During the topic selection process, we realized that the stock market is an area where we not only can apply our reinforcement learning knowledge but also a topic that can last a long period of time, even after this course ends. The idea of turning our technical knowledge into a potential monetary value is astonishing to us. Then, we were introduced to the OpenBB Terminal platform to evaluate our project further. In OpenBB, there are numerous features that involve technical aspects of machine learning, artificial intelligence, deep learning, and reinforcement, and the feature that is the most attractive to us is stock forecasting. With the feature, users can see the predicted stock price of their selected stock for the upcoming days alongside the predictive plot as visualization. However, we believe that the information given by the OpenBB platform is just the starting point of our project. Since the forecasting feature only provides information about the given stock instead of suggesting actions, we decided to implement a reinforcement learning agent with the goal of maximizing profit in the stock market.

Problem Definition

In order to accomplish our goal of stock action prediction, we split our problem into two implementation components: stock price prediction and stock market interaction. First, reproducing the result from OpenBB Terminal, we would utilize a recurrent neural network (RNN) model with a Long Short Term Memory (LSTM) backbone to predict the upcoming stock price.
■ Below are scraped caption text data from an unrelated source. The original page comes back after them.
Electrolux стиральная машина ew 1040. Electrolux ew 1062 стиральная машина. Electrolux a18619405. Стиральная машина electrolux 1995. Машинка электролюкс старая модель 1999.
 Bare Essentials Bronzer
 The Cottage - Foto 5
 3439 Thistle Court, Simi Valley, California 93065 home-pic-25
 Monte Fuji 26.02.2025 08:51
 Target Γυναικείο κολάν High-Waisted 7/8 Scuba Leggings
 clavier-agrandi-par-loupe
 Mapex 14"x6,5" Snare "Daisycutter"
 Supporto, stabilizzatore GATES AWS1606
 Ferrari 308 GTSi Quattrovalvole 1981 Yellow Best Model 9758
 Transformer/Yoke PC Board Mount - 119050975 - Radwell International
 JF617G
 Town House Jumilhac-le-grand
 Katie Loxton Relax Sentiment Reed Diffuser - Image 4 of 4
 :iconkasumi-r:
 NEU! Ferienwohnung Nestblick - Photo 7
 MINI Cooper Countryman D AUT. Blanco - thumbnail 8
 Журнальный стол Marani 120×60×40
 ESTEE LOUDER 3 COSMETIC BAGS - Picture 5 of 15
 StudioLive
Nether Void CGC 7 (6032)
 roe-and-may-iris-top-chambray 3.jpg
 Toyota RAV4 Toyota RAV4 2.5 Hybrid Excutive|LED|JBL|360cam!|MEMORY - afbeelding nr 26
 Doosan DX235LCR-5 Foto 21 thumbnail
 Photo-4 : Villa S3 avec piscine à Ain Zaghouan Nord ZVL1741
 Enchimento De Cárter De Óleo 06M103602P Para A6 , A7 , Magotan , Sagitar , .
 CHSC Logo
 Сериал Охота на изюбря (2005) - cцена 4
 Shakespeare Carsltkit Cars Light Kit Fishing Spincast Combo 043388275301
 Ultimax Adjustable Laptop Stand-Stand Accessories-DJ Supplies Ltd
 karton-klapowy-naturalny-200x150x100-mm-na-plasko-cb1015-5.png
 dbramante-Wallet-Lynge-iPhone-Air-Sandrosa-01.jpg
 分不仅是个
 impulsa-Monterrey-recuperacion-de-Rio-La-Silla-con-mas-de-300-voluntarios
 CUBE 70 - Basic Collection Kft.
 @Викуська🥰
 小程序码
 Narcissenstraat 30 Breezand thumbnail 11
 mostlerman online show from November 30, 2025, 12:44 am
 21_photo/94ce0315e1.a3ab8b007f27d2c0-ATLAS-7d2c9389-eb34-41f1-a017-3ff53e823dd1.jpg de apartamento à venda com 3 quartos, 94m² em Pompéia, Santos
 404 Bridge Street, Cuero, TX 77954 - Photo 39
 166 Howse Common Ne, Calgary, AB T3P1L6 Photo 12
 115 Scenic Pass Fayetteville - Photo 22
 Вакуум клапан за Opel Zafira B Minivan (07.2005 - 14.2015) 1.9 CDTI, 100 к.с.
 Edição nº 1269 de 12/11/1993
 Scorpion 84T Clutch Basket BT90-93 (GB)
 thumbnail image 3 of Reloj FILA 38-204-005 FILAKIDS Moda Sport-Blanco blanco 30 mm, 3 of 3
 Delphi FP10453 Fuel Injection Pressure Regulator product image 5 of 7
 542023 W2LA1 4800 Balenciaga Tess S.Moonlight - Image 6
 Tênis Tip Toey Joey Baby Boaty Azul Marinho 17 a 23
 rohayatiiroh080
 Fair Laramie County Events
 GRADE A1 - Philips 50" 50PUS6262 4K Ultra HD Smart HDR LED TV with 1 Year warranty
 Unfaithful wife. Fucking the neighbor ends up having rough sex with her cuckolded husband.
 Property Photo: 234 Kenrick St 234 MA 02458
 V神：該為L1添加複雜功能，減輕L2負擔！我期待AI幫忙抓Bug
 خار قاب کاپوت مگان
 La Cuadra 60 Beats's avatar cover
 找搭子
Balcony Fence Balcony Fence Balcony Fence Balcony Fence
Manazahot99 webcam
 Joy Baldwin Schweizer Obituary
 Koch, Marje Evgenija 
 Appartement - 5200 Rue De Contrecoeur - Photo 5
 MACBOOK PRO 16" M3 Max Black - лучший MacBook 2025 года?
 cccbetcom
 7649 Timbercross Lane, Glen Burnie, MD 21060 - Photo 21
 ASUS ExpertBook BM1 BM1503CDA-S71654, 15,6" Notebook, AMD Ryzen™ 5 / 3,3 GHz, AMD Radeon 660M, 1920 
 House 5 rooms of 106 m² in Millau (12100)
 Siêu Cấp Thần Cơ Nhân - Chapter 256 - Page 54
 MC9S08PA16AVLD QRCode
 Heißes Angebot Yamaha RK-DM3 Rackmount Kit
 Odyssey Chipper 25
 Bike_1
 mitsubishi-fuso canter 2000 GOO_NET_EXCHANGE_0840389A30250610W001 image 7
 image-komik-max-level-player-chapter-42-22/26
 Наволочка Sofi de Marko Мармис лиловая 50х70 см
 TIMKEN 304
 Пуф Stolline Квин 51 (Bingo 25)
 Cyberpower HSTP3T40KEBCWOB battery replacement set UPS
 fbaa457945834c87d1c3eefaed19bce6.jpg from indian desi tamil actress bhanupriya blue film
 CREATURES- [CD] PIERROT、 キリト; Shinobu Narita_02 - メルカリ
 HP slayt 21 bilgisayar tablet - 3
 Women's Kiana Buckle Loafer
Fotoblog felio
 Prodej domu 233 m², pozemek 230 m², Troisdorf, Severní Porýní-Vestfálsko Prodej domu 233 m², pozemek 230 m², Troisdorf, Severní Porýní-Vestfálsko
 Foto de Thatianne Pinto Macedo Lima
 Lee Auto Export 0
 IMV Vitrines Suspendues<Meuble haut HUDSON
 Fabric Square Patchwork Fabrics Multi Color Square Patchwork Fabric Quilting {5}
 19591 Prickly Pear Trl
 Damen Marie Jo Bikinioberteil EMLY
Then, with the price prediction from the first part, we would then train a Deep Q-Learning agent to predict the action which includes buy, sell, and hold.

For the stock price prediction, we would use Mean Absolute Percentage Error (MAPE) as our measuring metric, and compare it with OpenBB’s result for quality purposes. On the other hand, the stock market interaction would be evaluated simply with the total profit generated by the agent.

Algorithms

Stock price prediction

To predict stock price, we utilize long short-term memory networks (LSTM), one of the varieties of recurrent neural networks (RNN) that is useful in time series forecasting. In RNN, the formula for calculating the current state:

\[h_{t} = f(h_{t-1}, x_{t})\]

, where \(h_{t}\) is the current state, \(h_{t-1}\) is the previous state, and \(x_{t}\) is the current input state. And the formula for applying the Activation Function (Φ):

\[h_{t} = Φ(W_{hh}h_{t-1}, W_{xh}x_{t})\]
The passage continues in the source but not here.